6.2)  Whose interests should be the paramount concern of government trade policy - the interests of producers (businesses and their employees) or those of consumers?

The long run interests of consumers should be the primary concern of governments, based on a utilitarian approach (the most good).  Unfortunately consumers, each of whom may be negatively impacted by only a few dollars, are less motivated and effective lobbyists than are a few producers who may have a great deal at stake.  While in some instances it may be argued that domestic consumers will be better off if world-class domestic producers are nurtured and allowed to gain first mover advantages in international markets, it is doubtful that the government will be better than international capital markets at "picking winners", and will more likely pick the firms with the greatest political clout.  While employees may well lose jobs if there are more efficient foreign competitors, some would argue that this is the nature of competition, and that the role of government should be to help these employees get jobs where they can be efficiently employed rather than to protect them from reality in inefficient firms.

7.2)  Compare and contrast these explanations of FDI: internalization theory,
Vernon's product life cycle theory, and Knickerbocker's theory of FDI.  Which theory do you think offers the best explanation of the historical pattern of FDI?  Why?

Knickerbocker's theory suggests that firms imitate other firms in oligopolistic industries, and will "follow the leader" in undertaking FDI in certain countries, as sort of strategic defensive moves.  This theory does not explain why the first firm undertakes FDI, and why it chooses to do this rather than to export or license.  The product life cycle theory suggests that firms invest in foreign countries when demand in that country will support local production or when cost pressures make it necessary to locate production in low cost locations.  While this theory does explain why some FDI takes place, it also does not explain why FDI is preferred over licensing or exporting.  The market imperfections explanation more directly confronts these issues, and explains why FDI may be preferable to other alternatives for expanding business activities.  It identifies the importance and difficulty of transferring know-how and describes some of the impediments to exporting.  By explaining better exactly why a firm may undertake FDI, the market imperfections model is probably the best explanation of the historical pattern of horizontal FDI.

8.2)  What are the economic and political arguments for regional economic integration? Given these arguments, why don't we see more integration in the world economy?

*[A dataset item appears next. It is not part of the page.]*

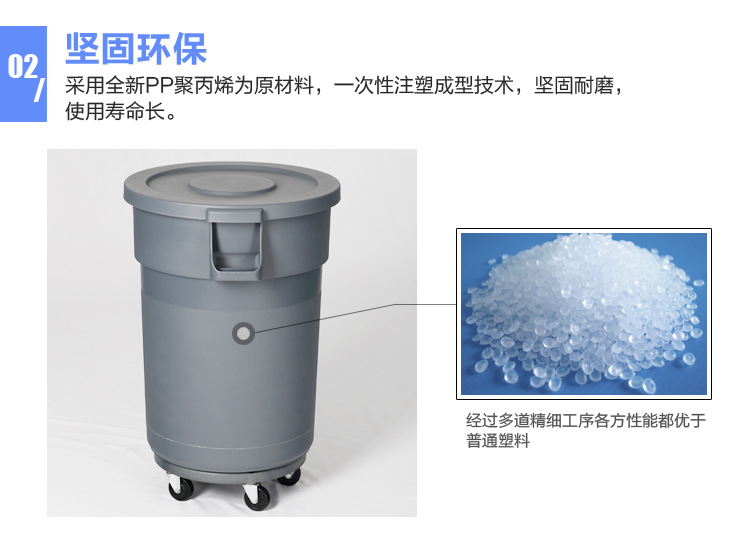 Baiyun Plastic Environmental Sanitation Waste Bin Outdoor Large Dustbin with Wheels Industrial round Covered Outdoor Fruit Suitcase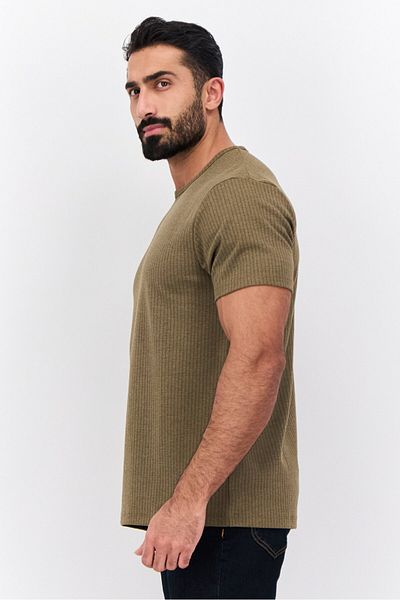 French Connection Men Crew Neck Short Sleeves Textured T-shirt, Light Olive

The economic case for regional integration is straightforward.  As we saw in Chapter 5, unrestricted free trade allows countries to specialize in the production of goods and services that they can produce most efficiently.  If this happens as the result of economic integration within a geographic region, the net effect is greater prosperity for the nations of the region.  From a more philosophical perspective, regional economic integration can be seen as an attempt to achieve additional gains from the free flow of trade and investment between countries beyond those attainable under international agreements such as the WTO.  The political case for integration is also compelling.  Linking neighboring economies and making them increasingly dependent on each other creates incentives for political cooperation between neighboring states.  Also, the potential for violent conflict between the states is reduced.  In addition, by grouping their economies together, the countries can enhance their political weight in the world.  Despite the strong economic and political arguments for integration, it has never been easy to achieve (on a meaningful level).  There are two main reasons for this.  First, although economic integration benefits the majority, it has its costs.  While a set of nations as a whole may benefit significantly from a regional free trade agreement, certain groups may loose.  The second impediment to integration arises from concerns over national sovereignty.

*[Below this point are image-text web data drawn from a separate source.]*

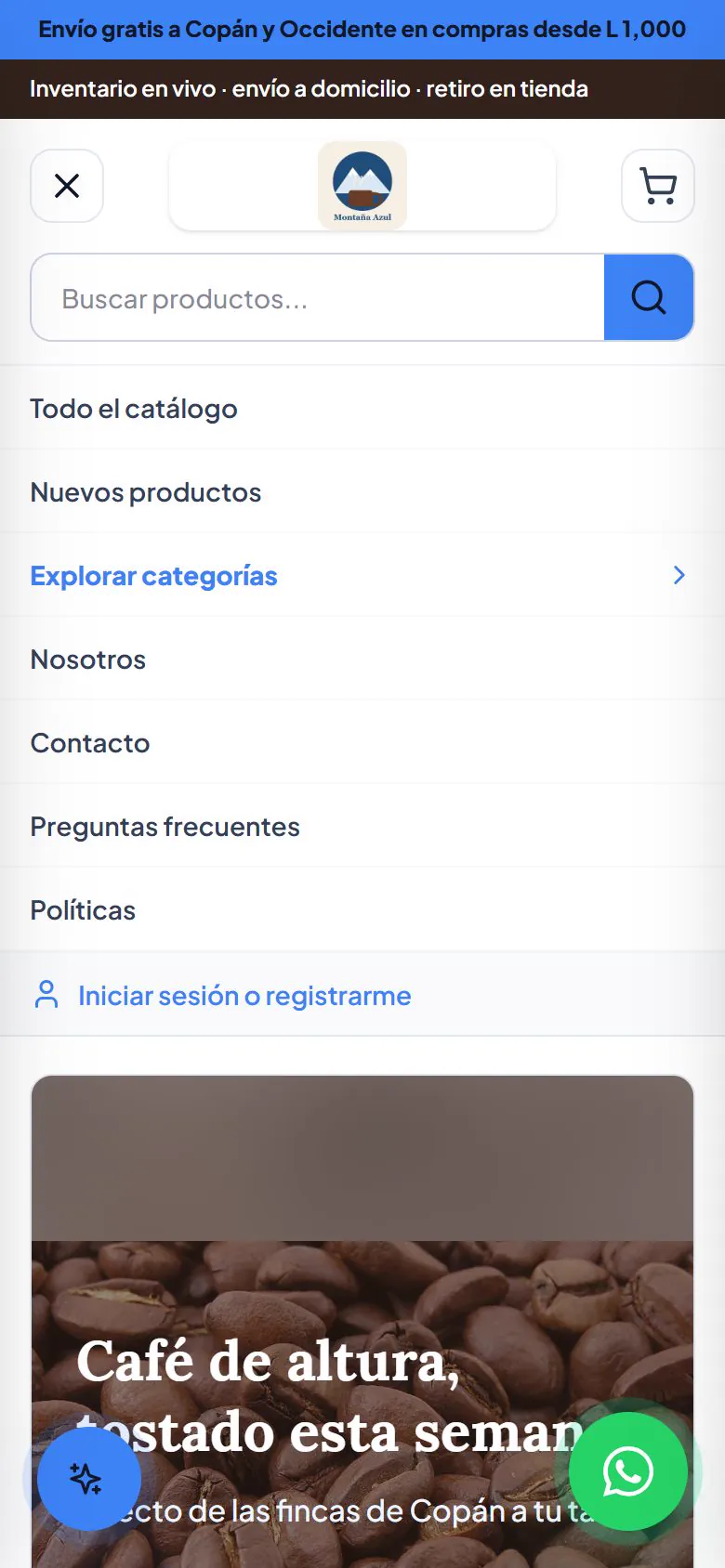 El menú del celular.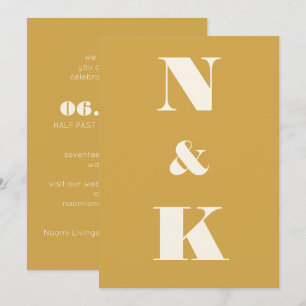 Minimalistisk Modern Monogram Saffron Gult Bröllop Inbjudningar
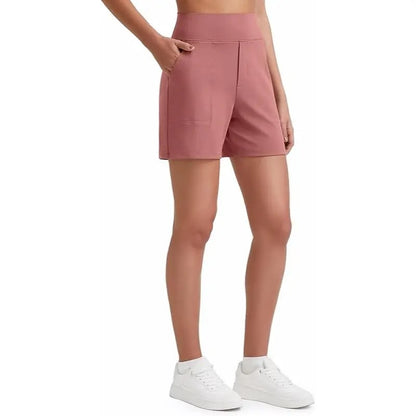 ⏳HOT SALE 70% RABATT🔥 Damen Bermuda-Shorts mit hoher Taille und Taschen 🎯 | Laufen Yoga Freizeit Sportbekleidung 😎 | 2 kaufen = KOSTENLOSER Versand – Lager in UK! 🇬🇧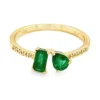 Emerald Two Stone Ring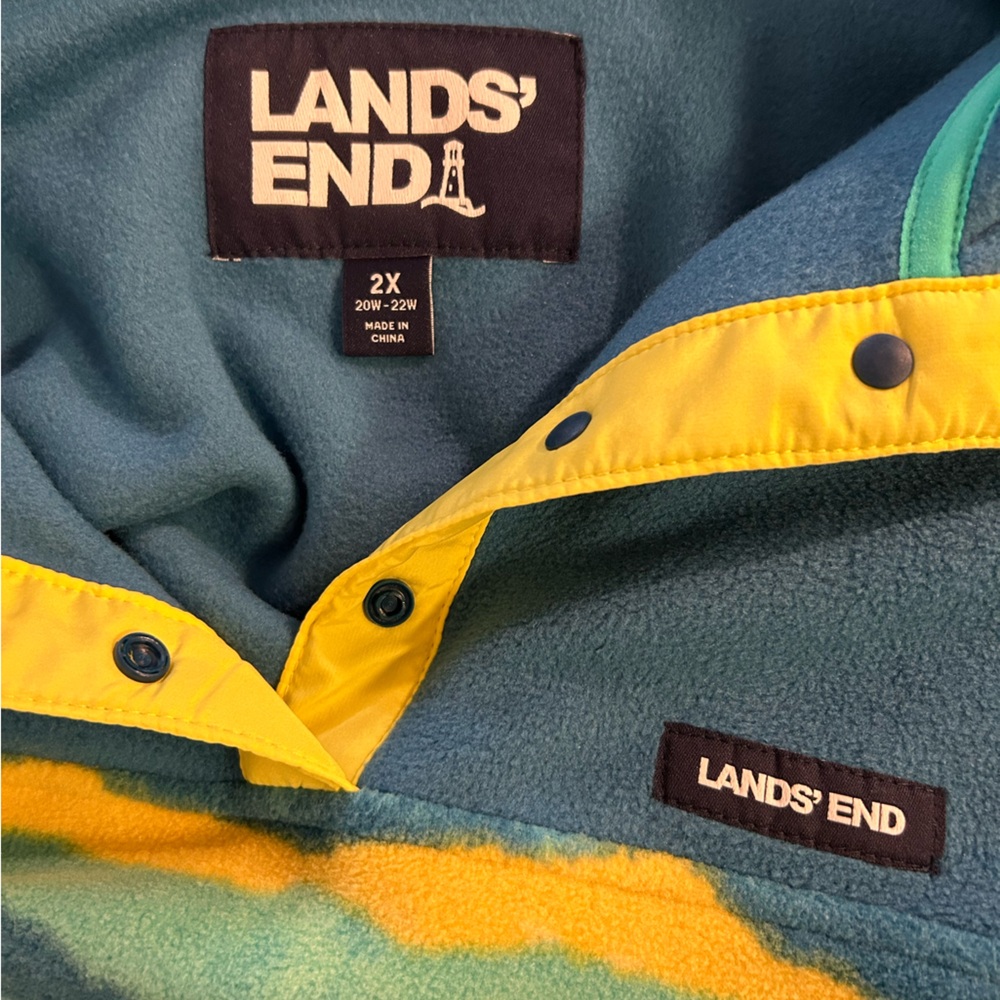 Lands’ End Heritage Fleece Pullover - Teal Mountain Ombr - Size 2x View 5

8.8)  Would the establishment of a Free Trade Area of the America’s (FTAA) in 2005 be good for the two most advanced economies in the hemisphere, the United States and Canada? How might the establishment of FTAA impact the strategy on North American firms?

In 1994, a Free Trade of the Americas (FTAA) was proposed.  If the agreement comes about, it would effectively create a free trade area of nearly 800 million people responsible for more than $12 trillion in GDP in 2003.  However, the U.S., while initially a strong advocate of the agreement, has lessened its support for the FTAA recently.  The question of whether the agreement is good for the U.S. and Canada would likely produce a lively debate.